Garde-fous de Bruxelles

À l’inverse, en juillet, l’Autorité européenne de sécurité des aliments (EFSA) a indiqué n’avoir pas identifié de « domaine de préoccupation critique » chez les humains, les animaux et l’environnement susceptible d’empêcher l’autorisation de l’herbicide, tout en reconnaissant un manque de données.

Bruxelles propose quelques garde-fous, notamment avec l’établissement « par défaut » de « bandes-tampons » et des équipements réduisant les « dérives de pulvérisation », tandis que l’usage pour la dessiccation (épandage pour sécher une culture avant récolte) serait interdit.

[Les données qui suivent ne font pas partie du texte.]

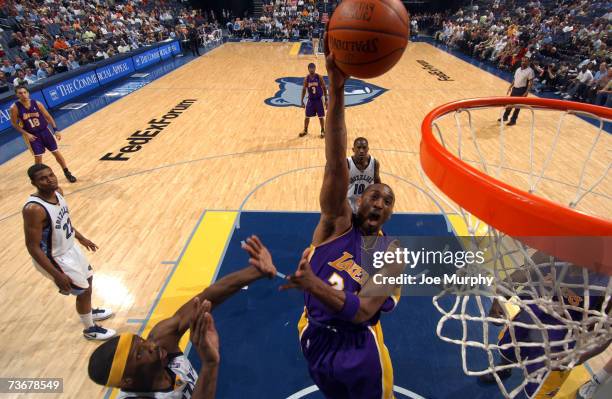 Kobe Bryant of the Los Angeles Lakers shoots over Hakim Warrick of the Memphis Grizzlies on March 22, 2007 at FedExForum in Memphis, Tennessee. NOTE...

Si la substance active est approuvée au niveau de l’UE, chaque État reste chargé d’autoriser les produits contenant du glyphosate, en fixant les règles d’utilisation selon les cultures, conditions climatiques et spécificités géographiques – et peut donc adopter des restrictions selon les effets potentiels sur l’environnement et la biodiversité. D’éventuelles limitations jugées très insuffisantes par une partie des États. ONG et élus écologistes continuent pour leur part de réclamer une non-reconduction pure et simple de l’herbicide.

Le groupe allemand Bayer, qui avait racheté Monsanto en 2018 et fabrique le Roundup, affirme de son côté « rester confiant que, dans la prochaine étape, suffisamment d’autres États membres soutiendront le renouvellement de l’approbation du glyphosate », se disant « convaincu de sa sécurité ».